In conclusion, we expect the current lockdown of certain cities like Shanghai will lead to a contraction in retail sales, industrial production, and trade activity over the coming months, but the country will be ready to embrace COVID-19 as an endemic once the ratio of booster shots has achieved critical mass.

Inflation Impacting Battery and EV

Battery cost inflation has been another concern as lithium and cobalt prices rallied on the back of Russia’s invasion of Ukraine. This triggered a correction of stocks within the EV and battery supply chain sectors. However, compared to the market, we are less concerned about the issue.

Firstly, according to our channel checks, spot prices are not the actual prices paid, as the blended lithium prices which major companies pay are often significantly lower than that. Additionally, major battery and EV companies have managed to pass through most of their cost inflation. Over the last couple of months, many Chinese players, including Tesla and BYD, have increased their manufacturer’s suggested retail price (MSRP) to offset the cost pressure. Investors are now waiting to see the impact on demand in subsequent months; however, initial data indicate that order intakes are still strong.

Secondly, gasoline and diesel price hikes (25% year-on-year in China in March) and consumer expectations of further increases in fuel costs will encourage greater consideration and adoption of EVs rather than ICE models.

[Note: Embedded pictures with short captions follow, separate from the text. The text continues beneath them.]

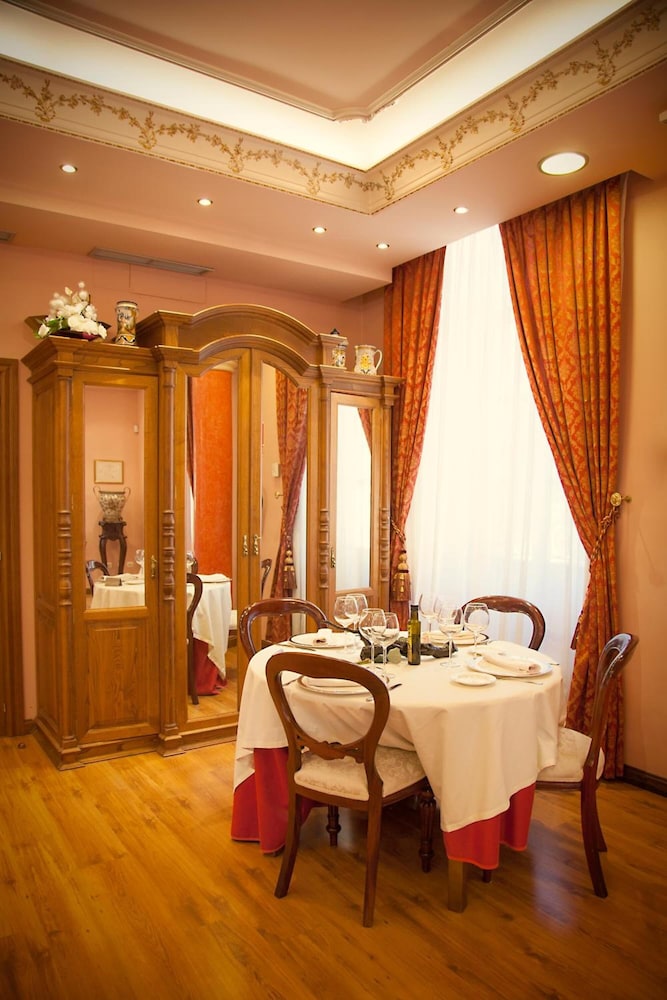 Palacio Azcarate Hotel 48/58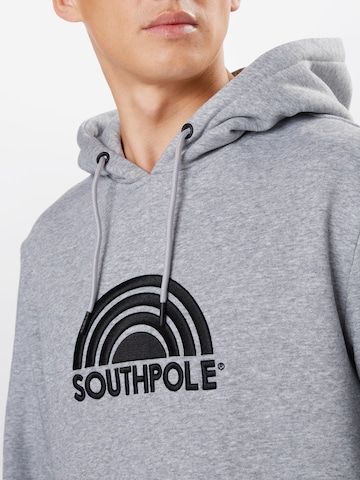 Sweat-shirt 'Halfmoon' SOUTHPOLE en gris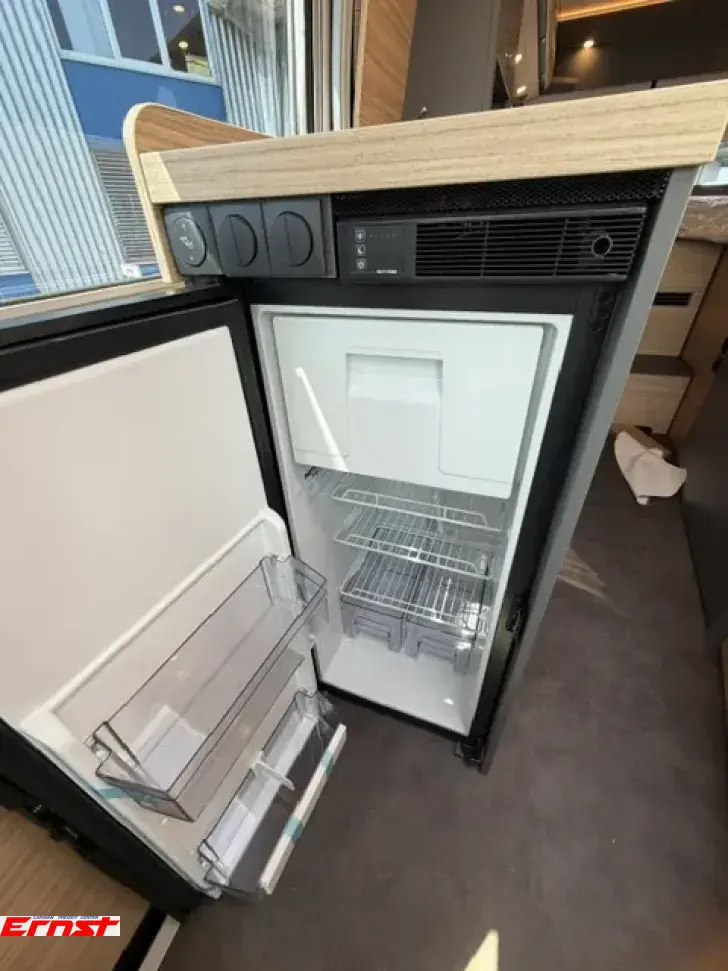 Fahrzeugbild Malibu Van First Class - Two Rooms 640 LE RB charming GT skyview #10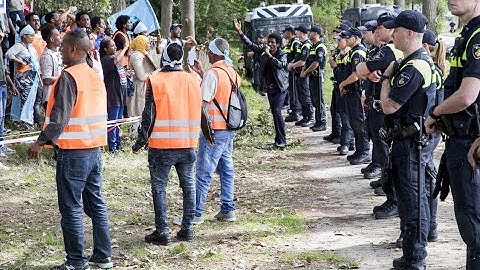 NRW Gießen Eritrean fest willkommen im  Demonstranten  Polizisten bei Eritrea-Festival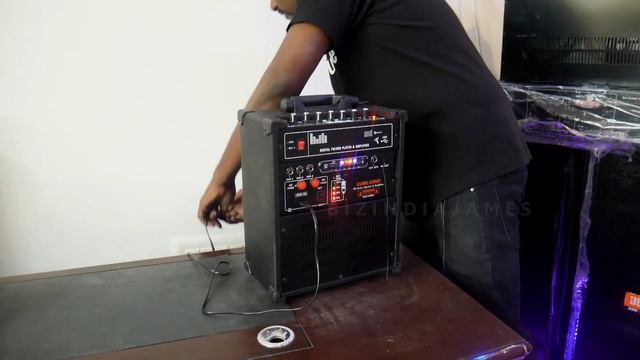 குறைந்த விலை அதிக சத்தம் | Stranger Cube | Best Guitar, Keyboard Karaoke Battery Speaker Unboxing смотреть онлайн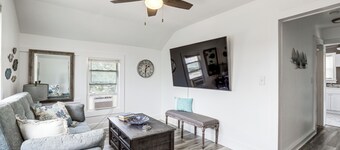 Stroll to Ocean Grove Boardwalk & Beach: Sleek Apt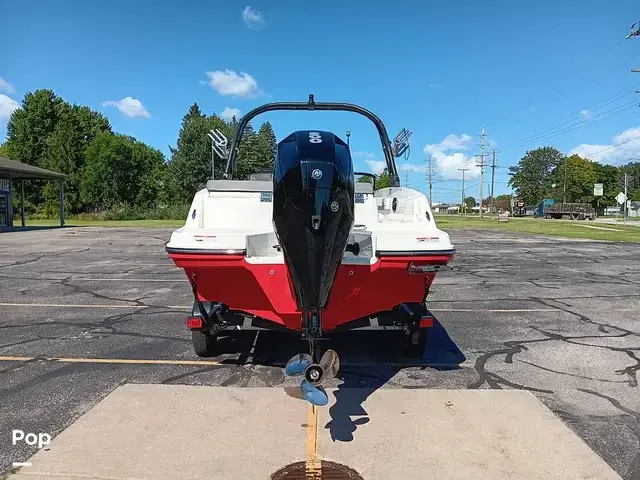 Bayliner Vr6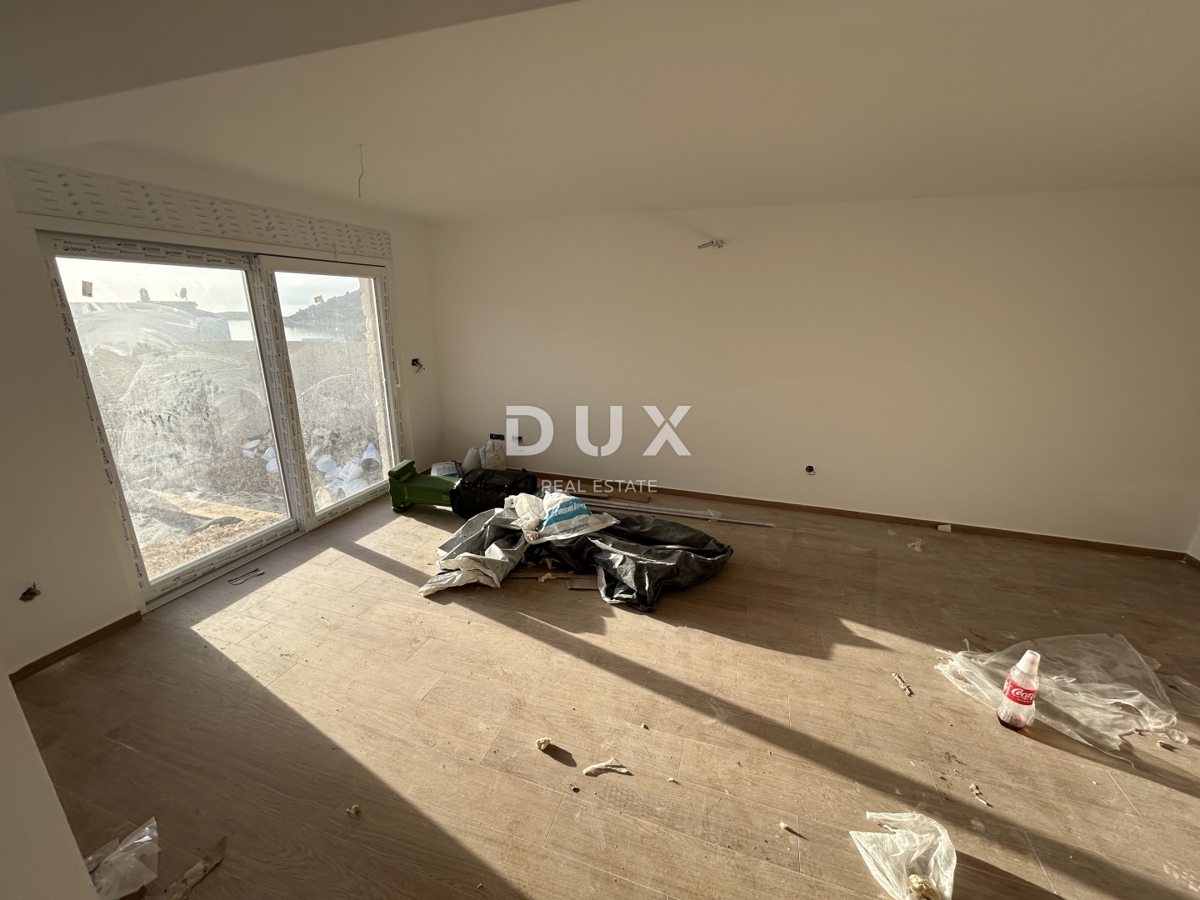 ROGOZNICA, STIVAŠNICA – Appartamento al piano terra con piscina e vista mare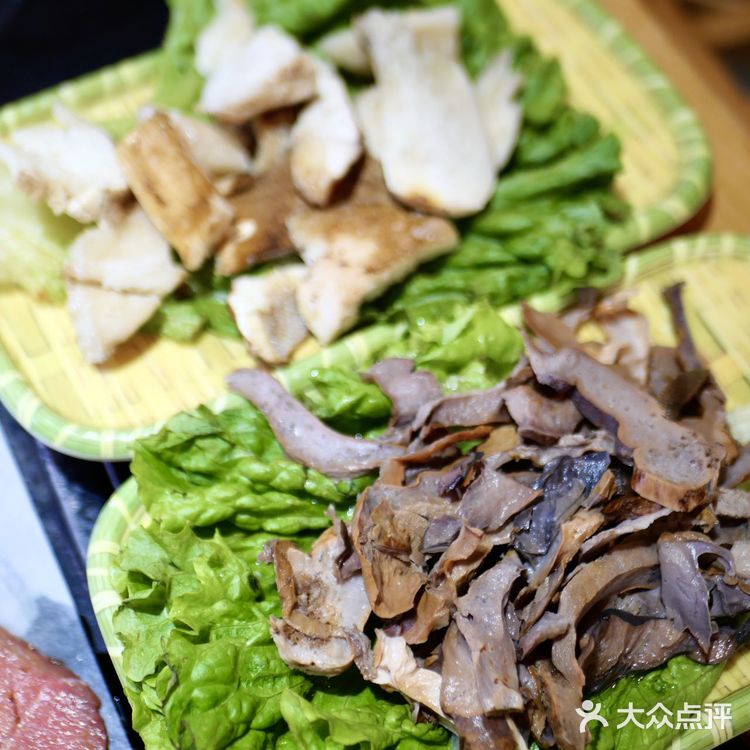 关于我和姐妹在云南吃菌子火锅中毒这件事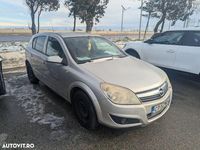 Second-hand Opel Astra 115 CP (84 kW) 2008 Gri Hatchback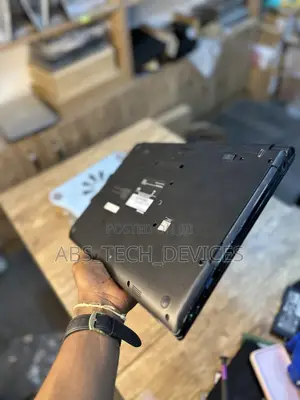 Laptop Toshiba Satellite Pro C640 8GB Intel Core i5 SSD 256GB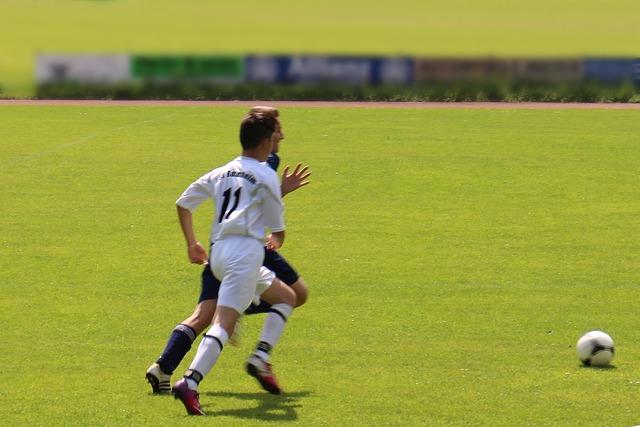 冯潇霆对球 冯潇霆对球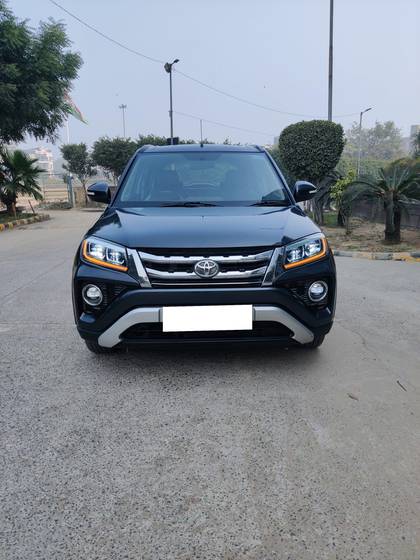 Toyota Urban cruiser Mid Toyota Urban cruiser Mid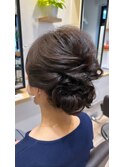 シニョンヘアアレンジ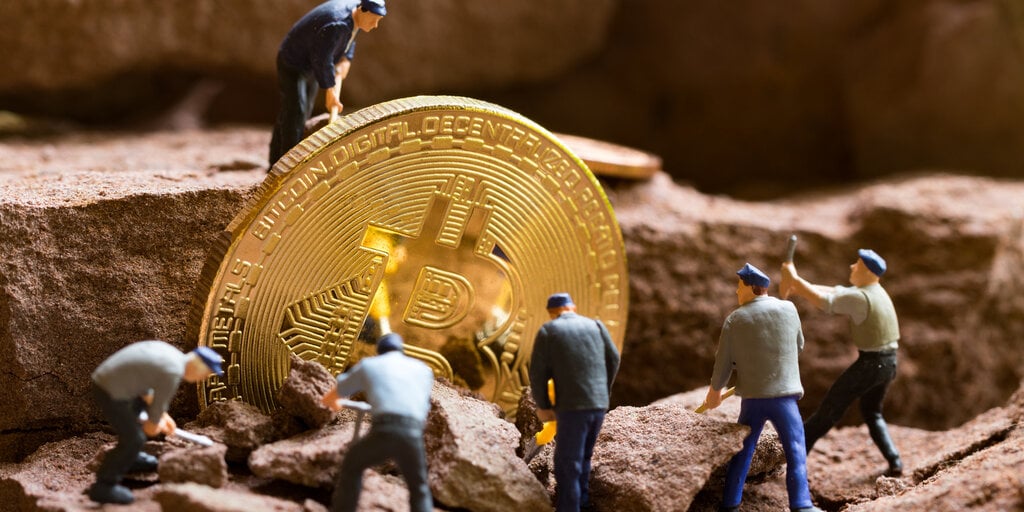 Các thợ đào Bitcoin chuyển sang AI, nhưng có thể bị định giá quá cao: JPMorgan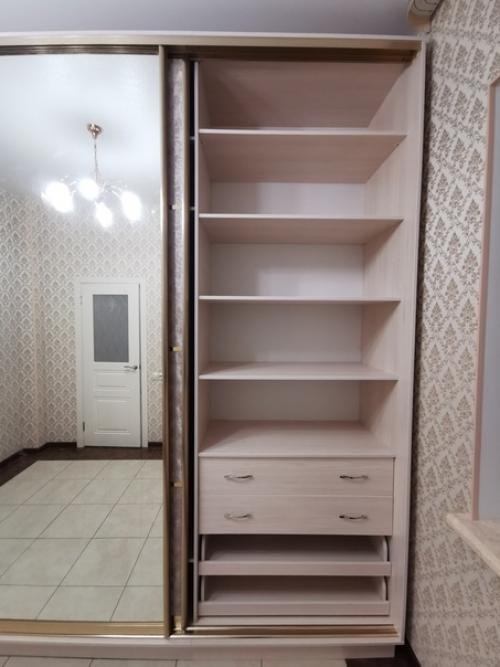 Шкаф в маленькую комнату для одежды. 01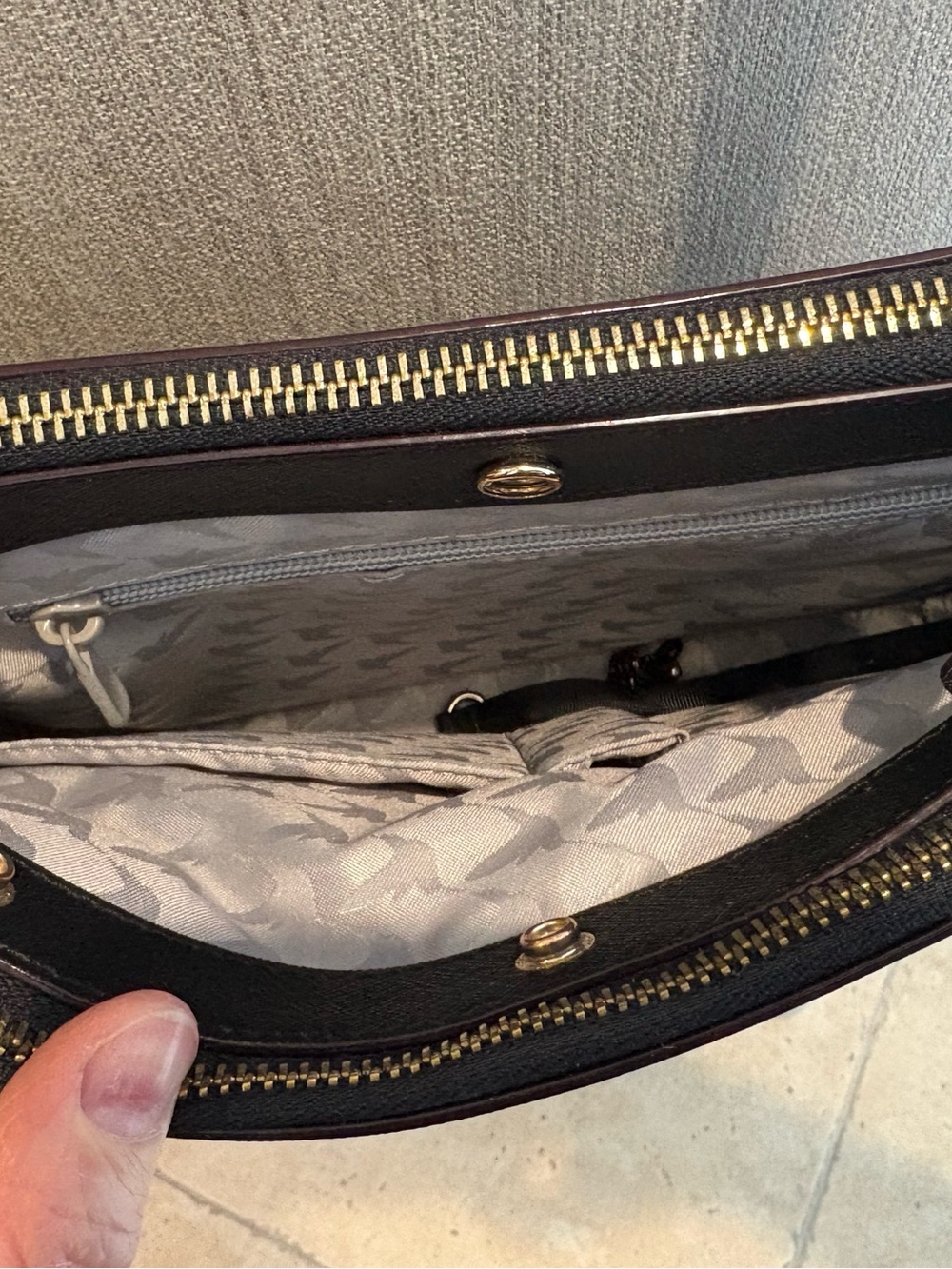 Lo & Sons Pearl shoulder and crossbody purse - Picture 2 of 5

Rising Energy Prices and the Solar Industry

We believe that higher energy price for natural gas and coal provides a significant tailwind to the solar module industry, as natural gas and coal is the direct competing power source. This is especially true in the US, where natural gas has been abundant, and solar power has struggled to compete with cheap natural gas. However, given the supply shortage of natural gas following the Russia-Ukraine tensions, gas power generation in the US is no longer cost-competitive compared to solar. According to Bloomberg NEF in 2021, solar has already become the cheapest energy source in four of the highest energy consumption markets like China, the US, Europe, and India.5 As such, we maintain our bullish view on the solar supply chain on account that its growth will accelerate in the next couple of years.